◆ TASK PROMPT
Write out the following listing's lines from the one with "Creating God" to the one with "Trimmerspule L08686", exactly, with both included and no others.

Start of Block

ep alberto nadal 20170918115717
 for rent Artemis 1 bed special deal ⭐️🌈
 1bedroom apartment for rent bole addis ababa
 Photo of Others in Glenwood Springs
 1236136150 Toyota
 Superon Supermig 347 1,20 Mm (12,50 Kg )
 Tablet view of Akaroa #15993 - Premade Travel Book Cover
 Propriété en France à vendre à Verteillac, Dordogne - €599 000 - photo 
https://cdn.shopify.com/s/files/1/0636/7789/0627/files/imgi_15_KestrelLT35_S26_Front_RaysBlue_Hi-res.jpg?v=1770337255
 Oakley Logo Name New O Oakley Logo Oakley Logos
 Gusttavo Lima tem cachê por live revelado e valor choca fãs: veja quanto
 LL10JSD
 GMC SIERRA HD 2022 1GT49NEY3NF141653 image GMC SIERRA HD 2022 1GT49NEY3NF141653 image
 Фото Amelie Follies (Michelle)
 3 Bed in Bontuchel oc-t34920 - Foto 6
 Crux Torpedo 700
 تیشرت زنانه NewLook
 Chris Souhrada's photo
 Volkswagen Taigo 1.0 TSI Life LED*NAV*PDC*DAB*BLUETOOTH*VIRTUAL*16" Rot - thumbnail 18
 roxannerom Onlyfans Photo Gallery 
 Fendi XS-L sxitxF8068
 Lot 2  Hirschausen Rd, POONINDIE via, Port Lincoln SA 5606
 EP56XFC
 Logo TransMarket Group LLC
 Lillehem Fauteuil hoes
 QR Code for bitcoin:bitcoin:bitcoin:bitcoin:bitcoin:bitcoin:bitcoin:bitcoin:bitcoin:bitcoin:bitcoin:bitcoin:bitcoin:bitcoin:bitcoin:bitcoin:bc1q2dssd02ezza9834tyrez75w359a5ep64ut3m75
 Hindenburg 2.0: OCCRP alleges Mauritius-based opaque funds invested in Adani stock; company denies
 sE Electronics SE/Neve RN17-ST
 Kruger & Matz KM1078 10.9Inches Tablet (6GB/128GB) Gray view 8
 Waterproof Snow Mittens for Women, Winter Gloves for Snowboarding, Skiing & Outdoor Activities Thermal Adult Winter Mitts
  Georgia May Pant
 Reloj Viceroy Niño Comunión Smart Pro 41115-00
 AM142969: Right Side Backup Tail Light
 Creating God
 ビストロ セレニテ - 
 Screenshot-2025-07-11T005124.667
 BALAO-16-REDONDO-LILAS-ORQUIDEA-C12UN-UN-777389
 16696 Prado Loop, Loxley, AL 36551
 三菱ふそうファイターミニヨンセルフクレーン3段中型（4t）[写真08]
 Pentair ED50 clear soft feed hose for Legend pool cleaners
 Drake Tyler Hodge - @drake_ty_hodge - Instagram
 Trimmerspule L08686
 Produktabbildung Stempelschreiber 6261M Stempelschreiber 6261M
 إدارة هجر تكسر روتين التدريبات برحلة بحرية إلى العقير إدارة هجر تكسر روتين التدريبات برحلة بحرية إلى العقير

End of Block

◆ EXPECTED ANSWER
 Creating God
 ビストロ セレニテ - 
 Screenshot-2025-07-11T005124.667
 BALAO-16-REDONDO-LILAS-ORQUIDEA-C12UN-UN-777389
 16696 Prado Loop, Loxley, AL 36551
 三菱ふそうファイターミニヨンセルフクレーン3段中型（4t）[写真08]
 Pentair ED50 clear soft feed hose for Legend pool cleaners
 Drake Tyler Hodge - @drake_ty_hodge - Instagram
 Trimmerspule L08686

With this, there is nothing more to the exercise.